The sales are unrelated, but both seek to capitalize on the anonymous street artist’s mass popularity by offering prints at a variety of price points.
Sotheby’s two-week sale, “Banksy/Online,” will go live on September 6, bringing together some of the artist’s most recognizable prints, including Girl With Balloon (estimated at £60,000–80,000), Welcome to Hell (£18,000–22,000), and Pulp Fiction (£12,000–18,000).
The final lineup of the sale is still being worked out, but Kirsteen Davidson, a specialist in Sotheby’s prints department, notes that with some works produced in editions of up to 600, “there’s something for everyone.”
She notes that the sale was already in the works before Love Is in the Bin was sold last fall, but the media frenzy certainly reaffirmed they were on the right track. “Over the last couple of years, we have seen Banksy’s print market go from strength to strength in its own right,” she says. “It therefore seemed like a natural progression for us to harness this strength, and worldwide interest in Banksy, and present a sale solely of his works.”
Christie’s own sale, cheekily titled “I can’t believe you morons actually buy this sh*t,” will go live Wednesday, September 11. Named after a screenprint of the same title, which appropriates a photo of Christie’s auction floor in 1987 at the then-record-breaking sale of Van Gogh’s Sunflowers, the sale includes another lineup of Banksy hits, including signed versions of Choose your weapon (estimated to go between £30,000–50,000), Stop and search (£20,000–30,000), and CND Soldiers (£15,000–25,000).
The top lot is a rare artist’s proof of Girl With Balloon (Gold), a variation on the famous painting that became Love Is in the Bin. It carries an estimate of £150,000–250,000. “It is not known exactly how many artist’s proofs were made in the varying colorways, but this is the first time that a color variant has been offered at auction,” says James Baskerville, Christie’s head of prints and multiples.
Christie’s sale is still taking consignments, so the lineup isn’t set in stone. The low estimate for the entire sale currently stands at $500,000.
The auction record for a multiple by Banksy is £344,750 ($478,819), set for one of 25 editions of the classic Girl With Balloon at Bonhams last year.
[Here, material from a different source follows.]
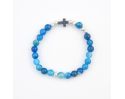 Bransoletka z Krzyżykiem z Kamieni Agat Niebieski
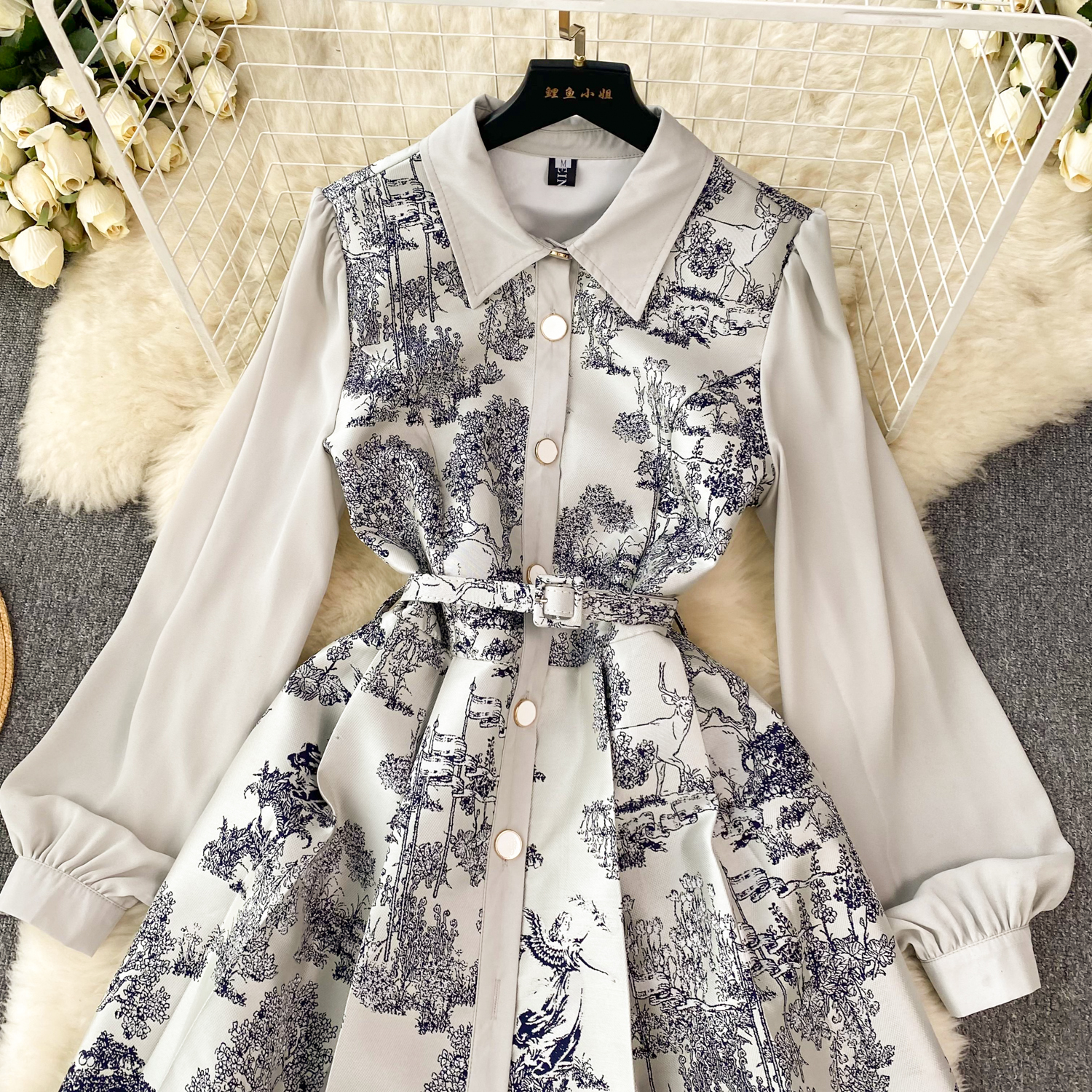 Basic Casual Women Dresses Runway Designer Jungle Jacquard Mini Dress Women's Turn Down Neck Mesh Sleeve Single Breasted Belt Vintage Party Vesti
The next highest price was set in Hong Kong in April for Avon and Somerset Constabulary, an acrylic on canvas in an edition of 10 that fetched $382,185.
The auction houses are marketing the print sale as an opportunity for Banksy’s many fans to own a piece of the myth. “Banksy’s prints are an opportunity to become a part of something bigger,” Davidson says. “Street art is in the public forum, but prints provide a way for people who love his work to bring it home with them. Some people will pay more for the signature, whereas others just want to own a piece of Banksy’s work.”